Contents
Retinal vascular disease, resulting in potentially irreversible loss of vision due to obstruction of normal venous system of the retina.
- #2 M/C retinal vascular disease (after diabetic retinopathy)
Etiology
Major risk factors:
Retinal vein occlusion (RVO) is a disease of the old population (age >50 years old)
- Hypertension
- Diabetes
- Atherosclerosis
Other risk factors:
- Glaucoma (M/C local factor predisposing to RVO as increased intraocular pressure compromises retinal vein outflow and produces stasis)
- Syphilis, sarcoidosis
- Vasculitis
- Increased intraorbital/intraocular pressure
- Hyphema
- Hyperviscosity syndromes (multiple myeloma, Waldenstrom’s macroglobulinemia, and leukemia)
- High homocysteine levels
- Sickle cell
- HIV
Classification
Anatomical classification:
Depending on the area of retinal venous drainage effectively occluded
- Central retinal vein occlusion (CRVO) (less common, more severe)
- Branch retinal vein occlusion (BRVO) (more common)
Functional classification:
Subtyping based on the degree of capillary non-perfusion on fluorescein angiography with each having distinct clinical features and prognosis.
- Nonischemic “perfused” CRVO/HRVO (M/C, 70% cases)
- Characterized by vision that is better than 20/200, 16% progress to nonperfused; 50% resolve completely without treatment; defined as <10 disk diameter (DD) of capillary nonperfusion.
- Ischemic “perfused” CRVO/HRVO
- Defined as more than 10 DD of nonperfusion; patients are usually older and have worse vision; 60% develop iris NV; up to 33% develop neovascular glaucoma; 10% are combined with branch retinal arterial occlusion (usually cilioretinal artery due to low perfusion pressure of choroidal system)
Pathophysiology
Three main factors contribute to thrombosis: venous stasis, endothelial damage, and hypercoagulability
Thrombosis within a retinal vein as described earlier will lead to a partial obstruction of blood flow within the vein and from the eye. The subsequent increased intraluminal pressure, if sufficiently high, will cause transudation of blood products into the retina according to Starling’s law. This will result in increased interstitial (retinal) fluid and protein.

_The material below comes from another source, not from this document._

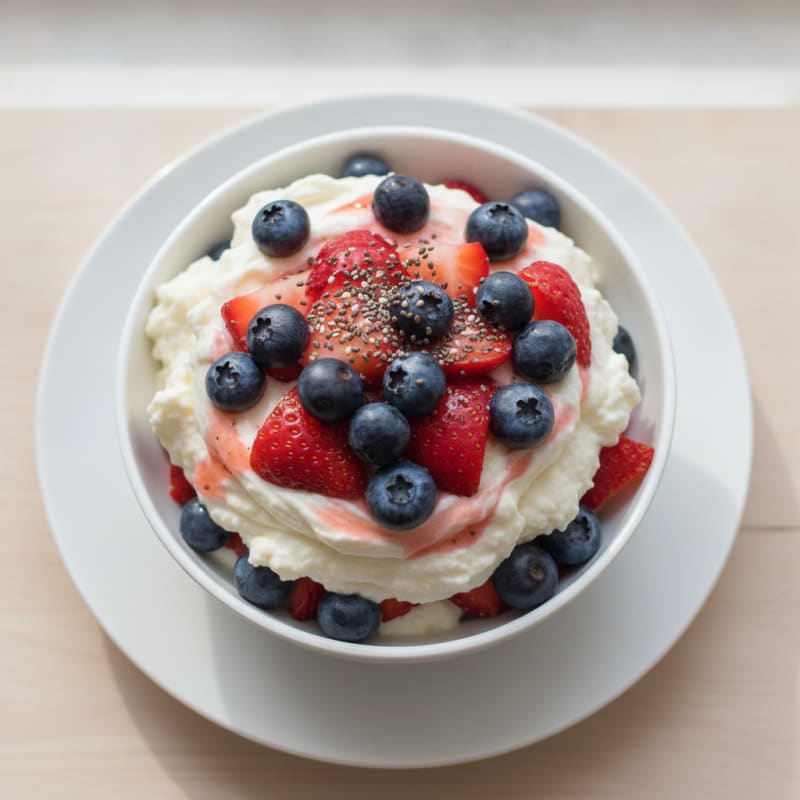 Creamy Greek Yogurt Protein Parfait with Mixed Berries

The latter will increase the interstitial oncotic pressure, perpetuating tissue edema, which will impede capillary perfusion and lead to ischemia.
Venous occlusion induces an ischemic and hypoxic state that leads to visually significant sequelae including macular edema and anterior segment and retinal neovascularization.
Clinical features
Variable painless visual loss with a combination of fundal findings.
Fundal findings:
- Retinal vascular tortuosity
- Retinal hemorrhages (blot and flame shaped)
- Cotton wool spots
- Optic disc swelling
- Macular edema

Vision loss:
Visual loss after CRVO commonly occurs as a result of the following
- Macular edema
- Macular ischemia
- Advanced stages:
- Vitreous hemorrhage
- Neovascularization (develops in 2⁄3 cases of ischemic RVO)
Diagnosis
Fundus examination:
- CRVO: Splashed sauce appearance
- BRVO: Flame-shaped haemorrhages
Fluorescein angiogram:
- Blocked venous fluorescence from retinal hemorrhages
- Capillary non-perfusion
- Vessel wall staining

Differential diagnosis:
- Ocular ischemic syndrome
- Proliferative diabetic retinopathy
- Hyperviscosity retinopathy
- Branch retinal vein occlusion
Management
Anti-vascular endothelial growth factors (anti-VEGF):
First-line treatment
- Ranibizumab
- Bevacizumab
- Aflibercept

Intravitreal corticosteroids:
Second line drug in resistant cases or as an adjunct from the start.
- Dexamethasone implants
- Triamcinolone acetonide
Laser therapy:
- GRID photocoagulation: reduce macular edema and improve VA
- Scatter PRP: Reduce VEGF load by ablating peripheral ischemic retina.